On November 17, 2011, Vowell joined The Daily Show as the new Senior Historical Context Correspondent.
Personal life
Vowell is part Cherokee (about 1/8 on her mother’s side and 1/16 on her father’s side). According to Vowell, “Being at least a little Cherokee in northeastern Oklahoma is about as rare and remarkable as being a Michael Jordan fan in Chicago.” She retraced the path of the forced removal of the Cherokee from the southeastern United States to Oklahoma known as the Trail of Tears with her twin sister Amy. This American Life chronicled her story on July 3, 1998, devoting the entire hour to Sarah's work.
Vowell is the president of the board of 826NYC, a nonprofit tutoring and writing center for students aged 6–18 in Brooklyn. (From Wikipedia.)
Book Reviews
Its scintillating cast includes dour missionaries, genital-worshiping heathens, Teddy Roosevelt, incestuous royalty, a nutty Mormon, a much-too-merry monarch, President Obama, sugar barons, an imprisoned queen and Vowell herself, in a kind of 50th-state variety show. It’s a fun book...[a] playful, provocative, stand-up approach to history.

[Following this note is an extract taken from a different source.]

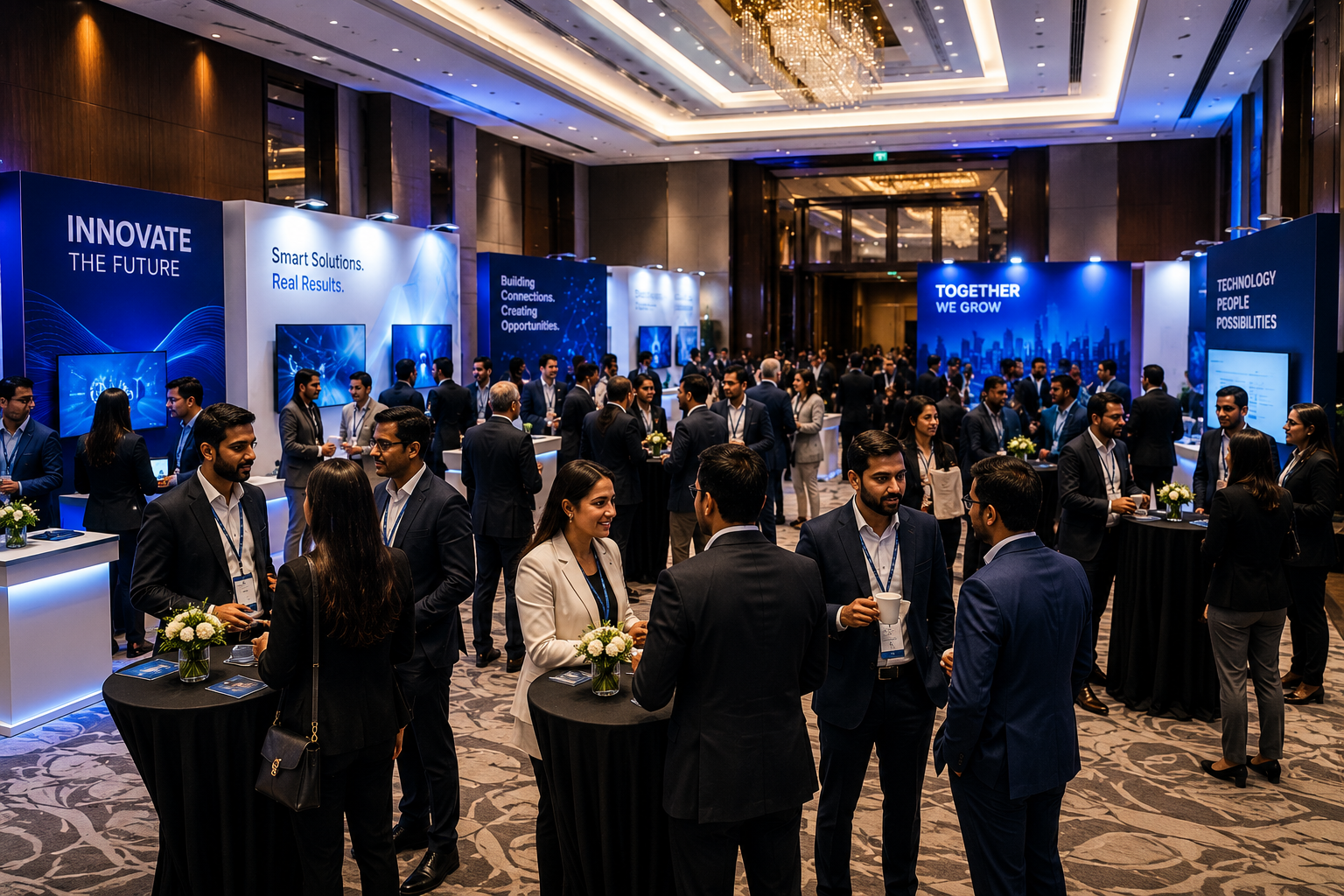 Perpetual Group - Milestone and Social Celebrations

Kaui Hart Hemmings - New York Times Book Review
[Vowell's] prose is conversational but clever, her anecdotes quirky yet highly crafted.... It's the kind of writing performed so well on National Public Radio, journalism as human interest, history as found poetry, monologue casting a spell of public intimacy...this is a book aimed at a wide audience, and Vowell tells a good tale. Forgive her journalistic excesses, consider her shrewd observations, and enjoy her comic turns of phrase. If you feel compelled after reading to journey to the Bishop Museum or devour the journals of Captain Cook or see some real hula, so much the better.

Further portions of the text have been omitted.